# Exercise requirements:
Would you give the listing again exactly, without its images?

# Collected data:
━━━━
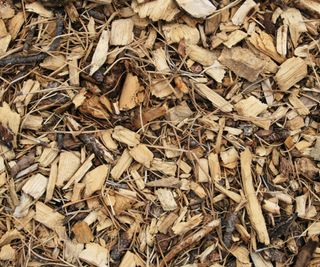 A mulch of wood chip and pine needles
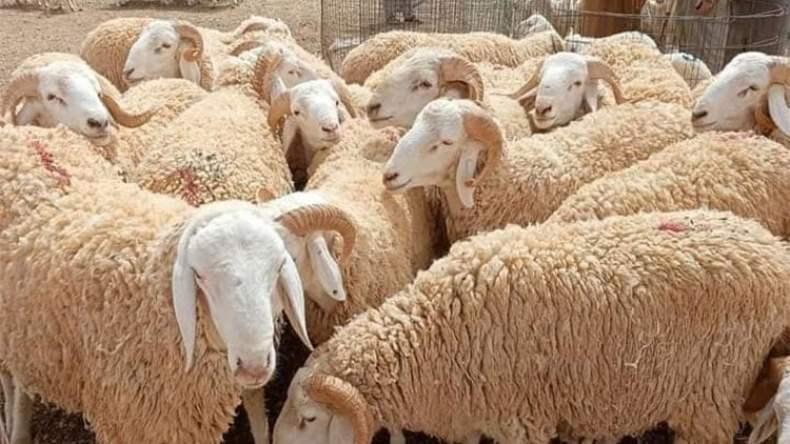 2000 بيطري لمراقبة بيع وذبح أضاحي العيد 2000 بيطري لمراقبة بيع وذبح أضاحي العيد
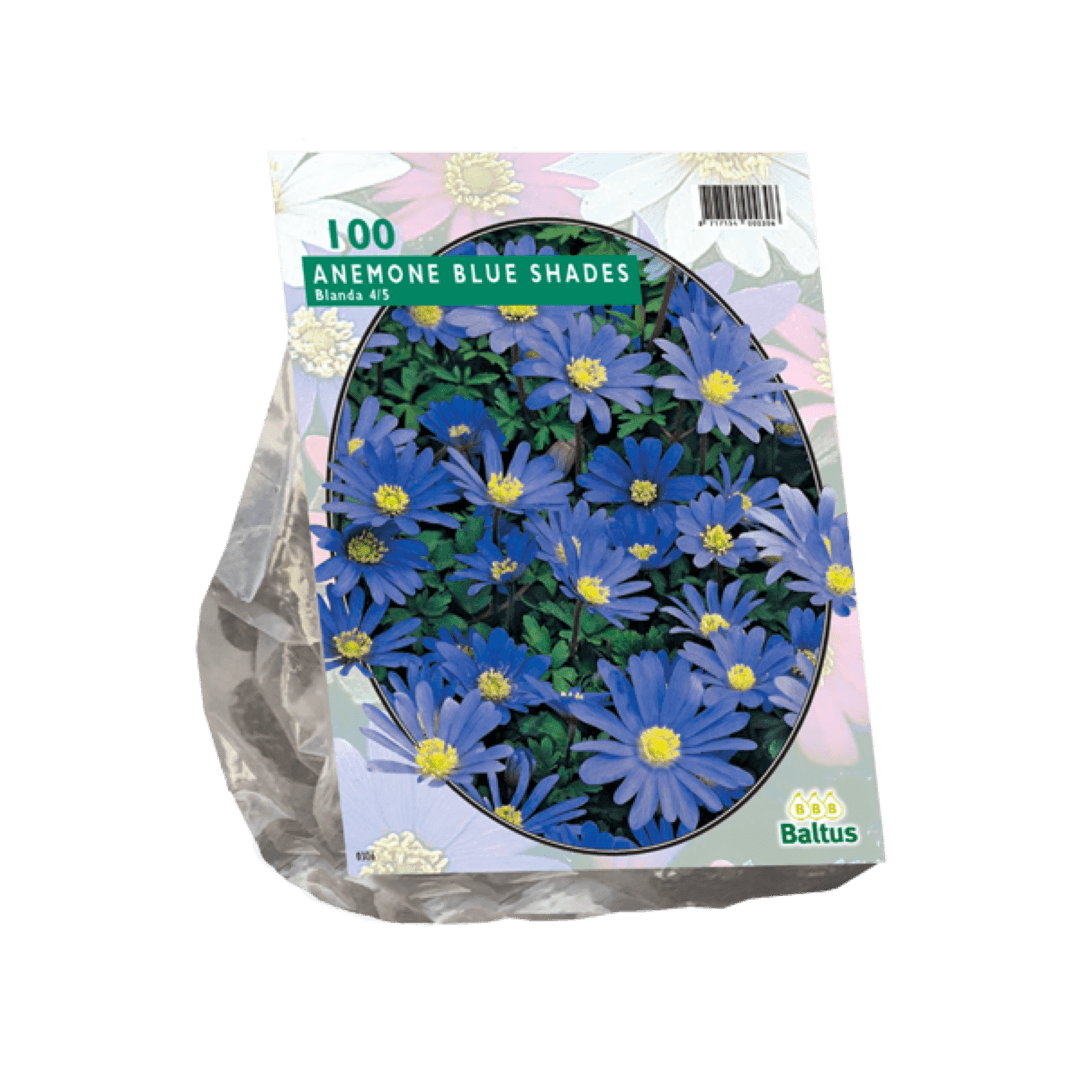 Baltus Anemone Blanda Blauw per 100 -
━━━━
# Task result:
 A mulch of wood chip and pine needles
 2000 بيطري لمراقبة بيع وذبح أضاحي العيد 2000 بيطري لمراقبة بيع وذبح أضاحي العيد
 Baltus Anemone Blanda Blauw per 100 -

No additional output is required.